I sometimes feel as though I live a dichotomous life. On one hand, I firmly believe that the less stuff you have, the less it consumes you. I’ve worked hard to decrease my consumerism and materialistic wants over the past couple of years, so tchotchkes are certainly not an issue. On the other hand, I’m an artist and an environmental one at that! All the things I make are with recycled items and materials that would end up in the trash, so its hard for me to let things go. Even scraps of paper cause me to hem and haw – will I use it? Do I dare throw ‘em out? What would a minimalist do? What would an artist do? What would an environmentalist do? It causes me to go a bit batty, so my biggest challenge is striking balance.
So, I take it drawer by drawer, cabinet by cabinet, closet by closet and assess what I haven’t used in the past year. And because I do this a couple times a year, it’s a fairly easy/quick process. I know for some it would take weeks. For me, I can do it in a day or two. And then take a car load full of stuff to the thrift store (where I buy a lot of my materials for my crafts/home as well, so it’s certainly a karmic circle).
There are many articles that have come out in the past couple of years about the act of decluttering and how the psyche responds to cleared out space. The theory is that getting rid of stuff allows you the emotional space to allow new and better (non-materialistic) things to come into your life, like love, relationships, peace, happiness, etc. So although I’m not lacking in any of those areas, who wouldn’t want more of that?
And really, do I need that bread machine that makes rock hard loaves and hasn’t been used in years? Those shoes that felt great at the store but are too painful to break in at home and haven’t been touched? And those too-small-maybe-when-I’m-thin-enough-I-can-fit-into-them-again clothes? I’m finally parting ways. None of these items contribute to my happiness, but for someone else, they could.
It’s work but totally liberating and worth it in my book!




Thanks for sharing your thoughts and your process. It’s so nice to hear how other eco-artisans deal with the desire to reuse what one already has, but the wish to minimize one’s clutter. You’ve inspired me to do a bit of spring cleaning of my own and whittle down my stash a bit!

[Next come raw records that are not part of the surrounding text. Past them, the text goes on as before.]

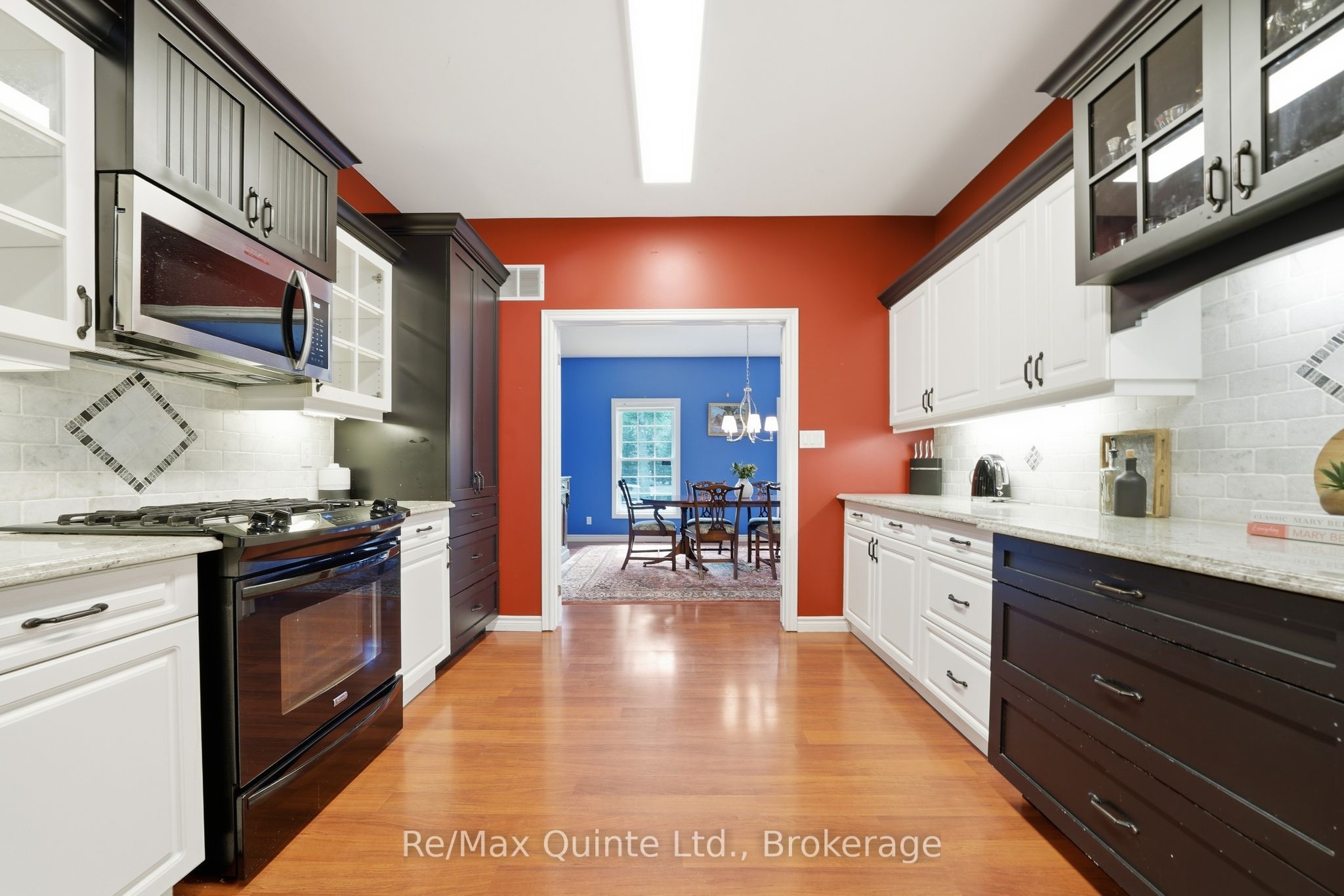 35 Penny Lane Property Photo 19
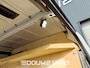 Mercedes-Benz Sprinter 317 L2H2 Aut Distronic Trekhaak Navigatie Camera Omvormer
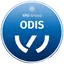 ODIS Service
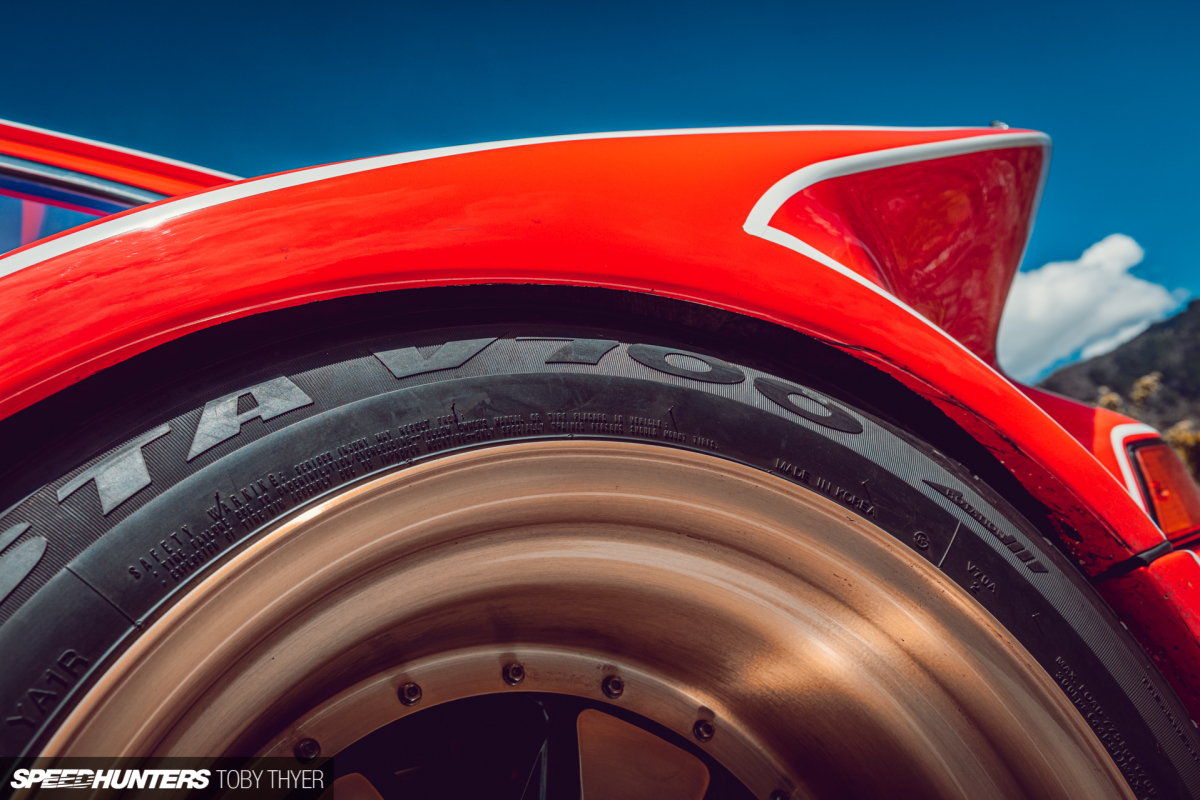 Toby_Thyer_Photographer_Speedhunters-51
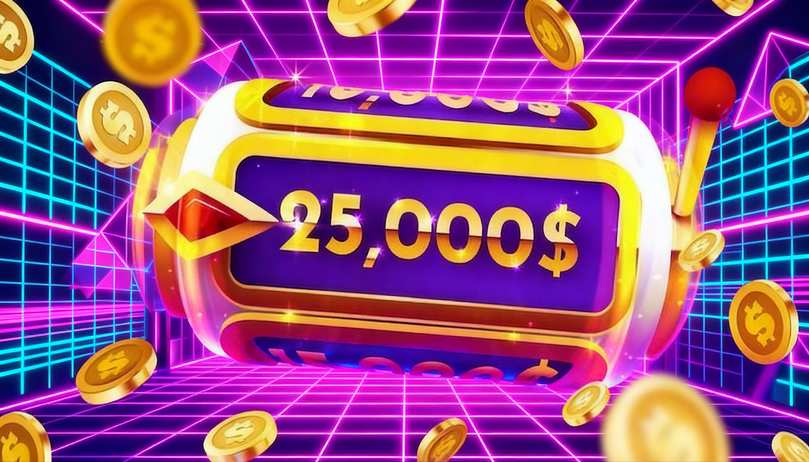 quickslotcasino-se.com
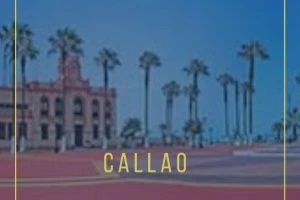 Notarías en Callao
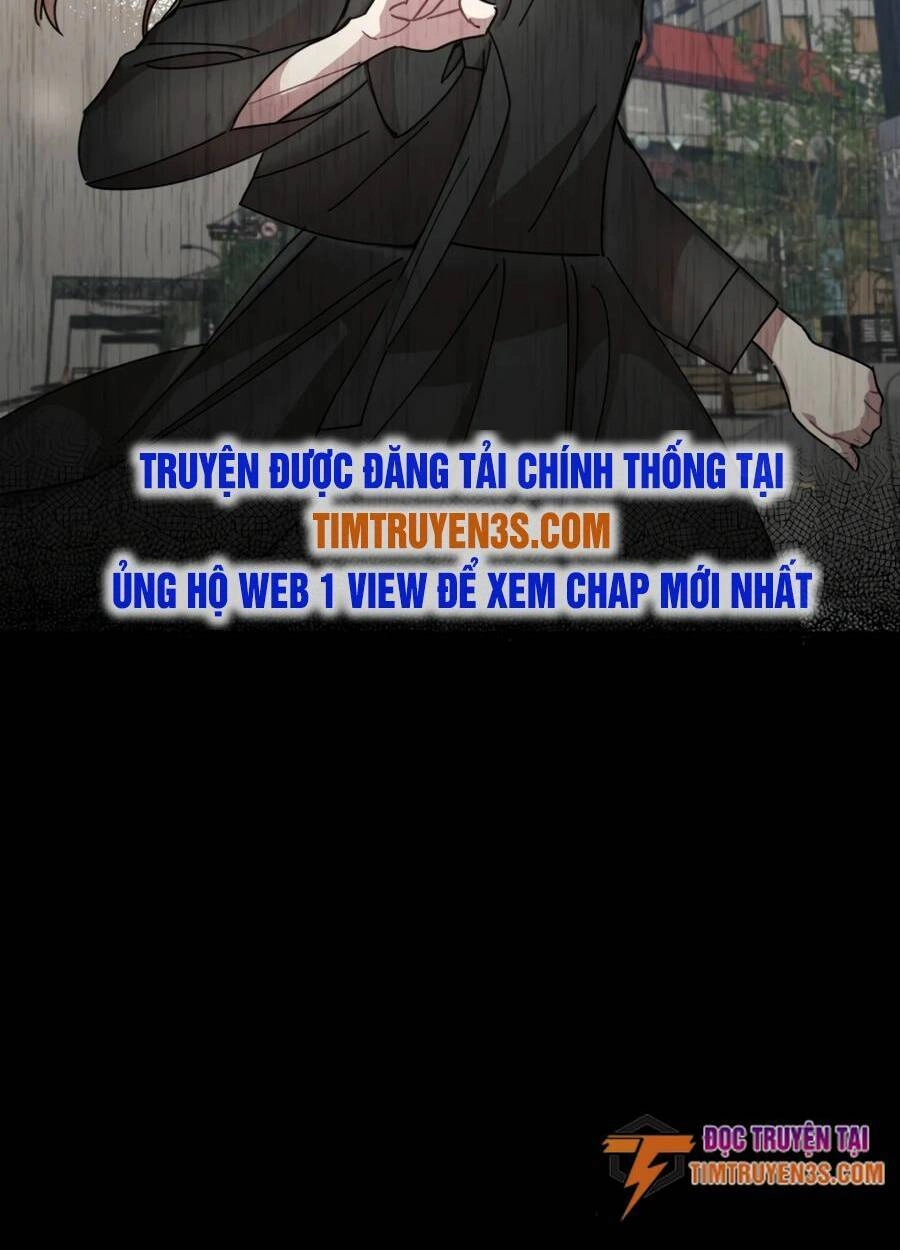 Cơn Phẫn Nộ Đẫm Máu Chapter 2 - 21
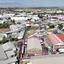 studio industrial building for sale sopaz nicosia 1736293 thumbnail 13318855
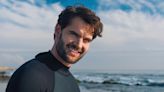 ‘Based on a True Story’ Star Tom Bateman on Playing a Satirical Serial Killer: “It Does Bring Up a Moral Dilemma”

Thanks for stopping by and glad to have inspired! I love your shop btw…beautiful!!
Oh, the painful shoes. I save them because maybe they won’t hurt as much next time … eternal optimism at its best. You’re right. Goodwill bin for all of them.
Those and the skinny clothes…be gone I say!
[...] 4/14/10 I spoke of our attempts to purge and get rid of a bunch of extra stuff in our house; since then [...]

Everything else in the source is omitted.